# [WHAT TO DO]
Starting at the line containing "1989 Sukhumvit Bangkok Hostel 2" and ending at the line containing "Brandweerboot met buitenboordmotor, mercury, f15elpt, op", transcribe the listing below exactly. Keep both end lines, skip the pictures, and copy nothing else.

# [SOURCE MATERIAL]
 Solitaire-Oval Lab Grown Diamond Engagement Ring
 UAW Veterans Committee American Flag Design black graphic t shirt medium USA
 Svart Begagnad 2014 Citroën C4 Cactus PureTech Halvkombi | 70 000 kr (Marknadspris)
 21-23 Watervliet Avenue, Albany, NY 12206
--
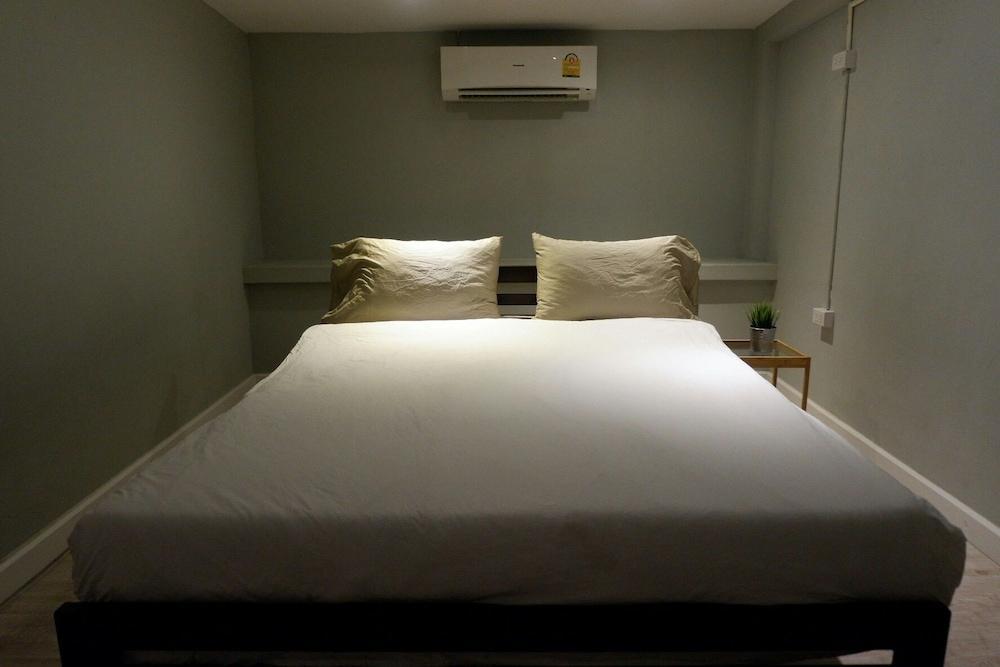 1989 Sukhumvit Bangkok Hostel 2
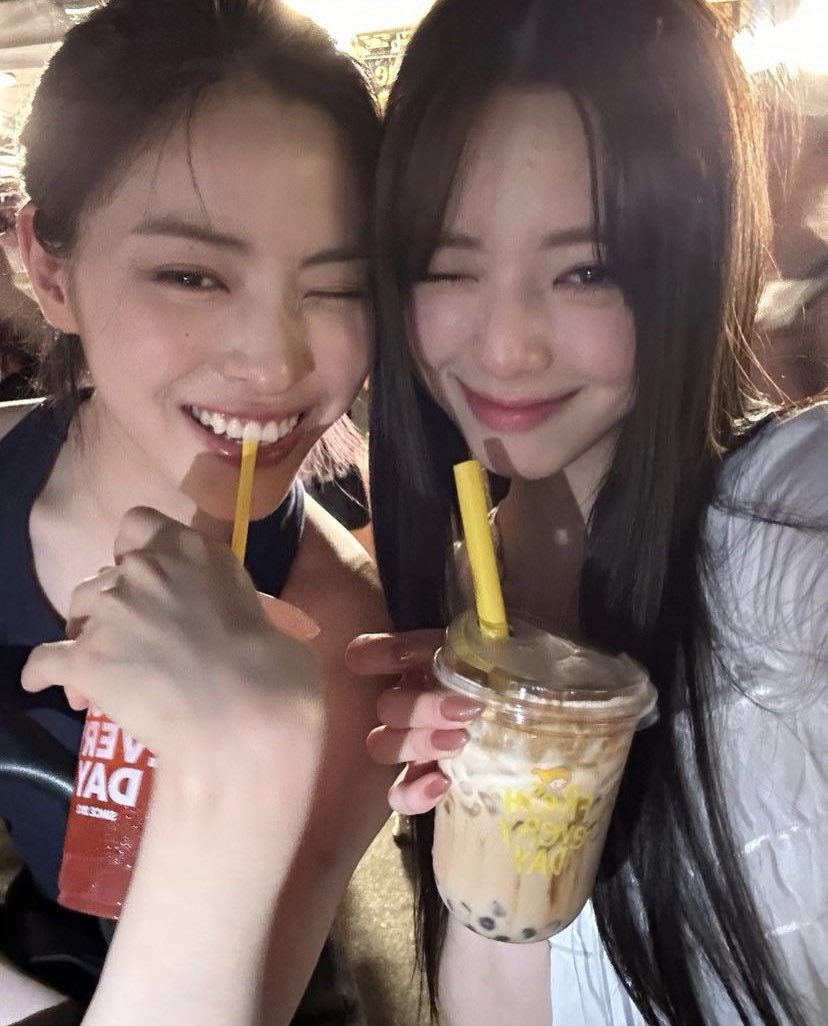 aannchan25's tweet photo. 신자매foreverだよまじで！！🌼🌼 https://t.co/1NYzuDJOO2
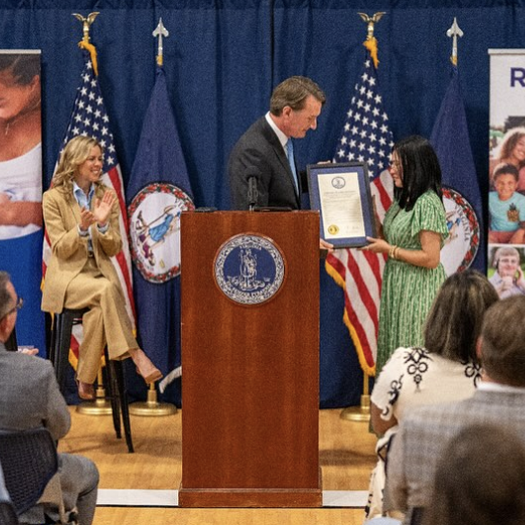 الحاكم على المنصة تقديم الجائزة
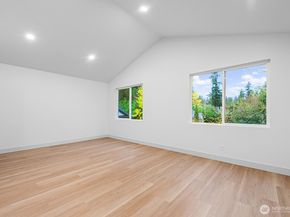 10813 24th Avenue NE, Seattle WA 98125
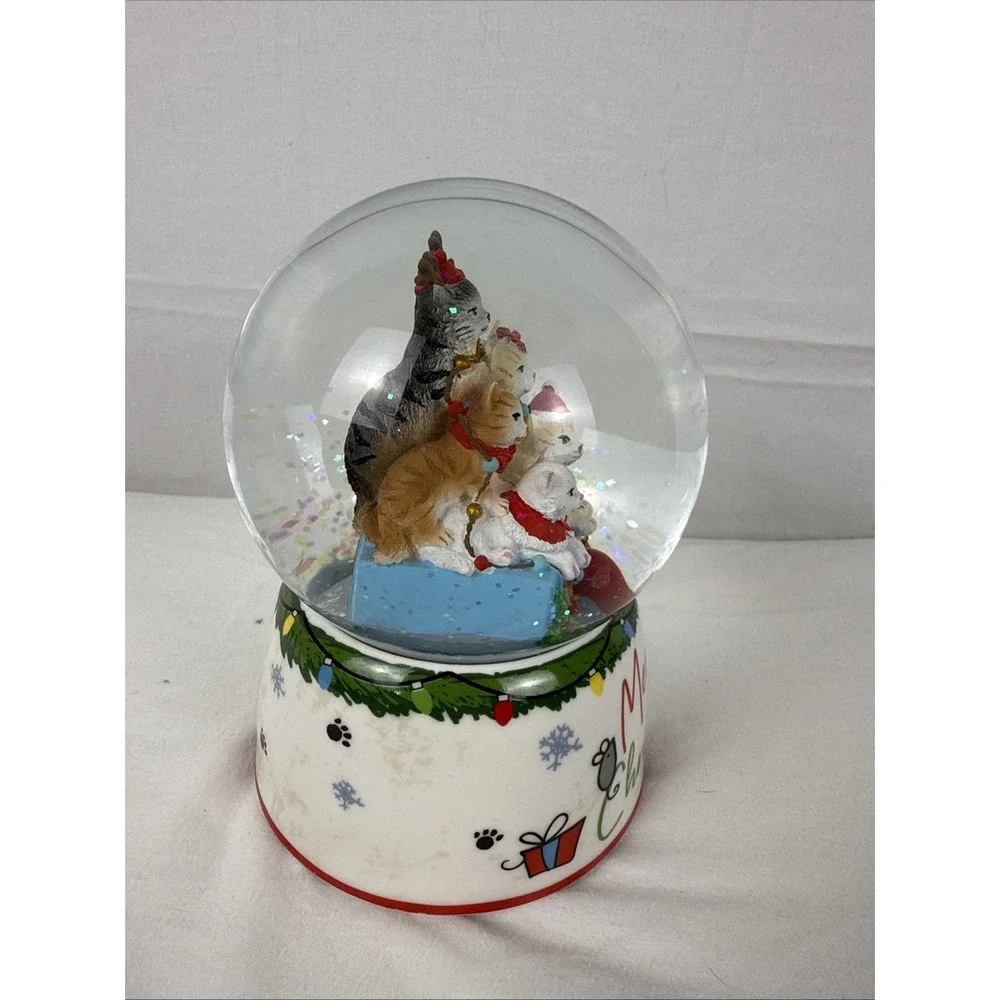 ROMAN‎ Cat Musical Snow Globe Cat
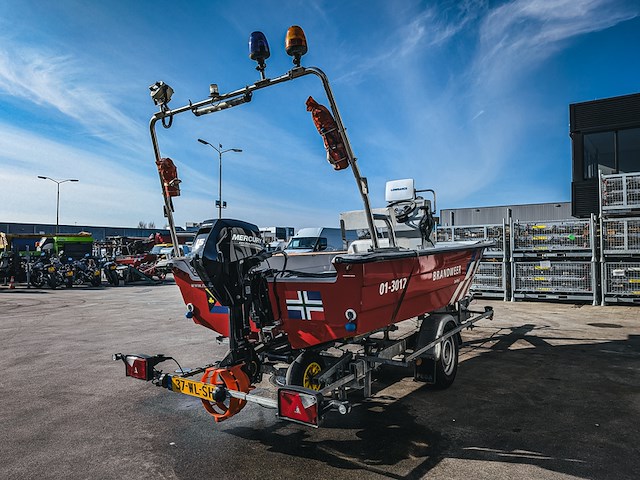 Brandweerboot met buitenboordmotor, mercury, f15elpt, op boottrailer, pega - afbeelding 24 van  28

# [YOUR SOLUTION]
 1989 Sukhumvit Bangkok Hostel 2
 aannchan25's tweet photo. 신자매foreverだよまじで！！🌼🌼 https://t.co/1NYzuDJOO2
 الحاكم على المنصة تقديم الجائزة
 10813 24th Avenue NE, Seattle WA 98125
 ROMAN‎ Cat Musical Snow Globe Cat
 Brandweerboot met buitenboordmotor, mercury, f15elpt, op boottrailer, pega - afbeelding 24 van  28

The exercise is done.